CBK trims base lending rate to 9.75% amid growth concerns

CBK trims base lending rate to 9.75% amid growth concerns

CBK Governor Dr. Kamau Thugge

CBK Governor Dr. Kamau Thugge

The Central Bank of Kenya (CBK) has once again cut its benchmark lending rate—this time to 9.75 percent from 10 percent, as the banking sector regulator moves to stimulate private sector borrowing to spur a sluggish economy. 

CBK's cut on Tuesday marks the sixth consecutive policy meeting with a downward revision, implying that the Monetary Policy Committee (MPC) is signaling a continued shift toward pro-growth monetary easing amid easing inflation that dropped to 3.8 percent in May amid a fragile economic recovery.

According to the Central Bank, between February and April 2025, the banking sector experienced an uptick in non-performing loans cutting across trade, personal and household, tourism, as well as in the construction sector. The ratio of non-performing loans to gross loans in the country was at 17.6 percent in April.

"Growth in commercial bank lending to the private sector stood at 2 percent in May 2025 compared to 0.4 percent in April, and -2.9 percent in January 2025," CBK stated.

"There was scope for a further easing of the monetary policy stance to augment the previous policy actions aimed at stimulating lending by banks to the private sector and supporting economic activity," the bank statement signed off by CBK Governor Dr. Kamau Thugge stated in part.

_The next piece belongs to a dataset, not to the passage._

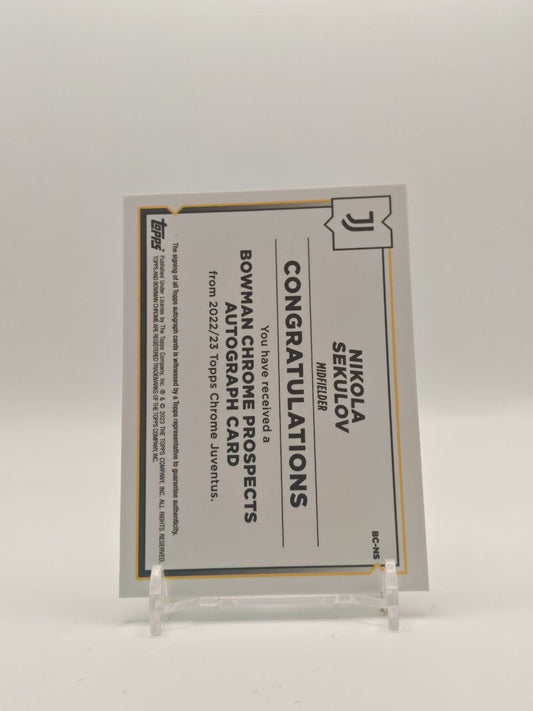 2022-23 TOPPS CHROME JUVENTUS NIKOLA SEKULOV BOWMAN CHROME PROSPECTS AUTO 1ST BOWMAN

He added, "The MPC will closely monitor the impact of this policy decision as well as developments in the global and domestic economy and stands ready to take further action."

According to the Economic Survey 2025, Kenya's GDP growth slowed to 4.7 percent compared to 5.7 percent previously with marked contraction in many sectors of the economy.

This year, projections for economic growth show that the country could realize 5.2 percent uptick, reflecting a downward revision from 5.4 percent jump, with the dip attributable to negative impact of US trade tariffs.

In the CBK's survey on CEO in the leadup to Tuesday's announcement on rate cut, the captains of industries reported "subdued consumer demand, high cost of doing business and increased global uncertainties" which could negatively impact business activities in the country. 

The Kenya PMI fell into negative territory in May, as rising prices contributed to a drop in customer spending and weaker business activity. The downturn ended a seven-month run of improving business conditions, although the rate of decline was mild as businesses continued to raise their stock levels and employment.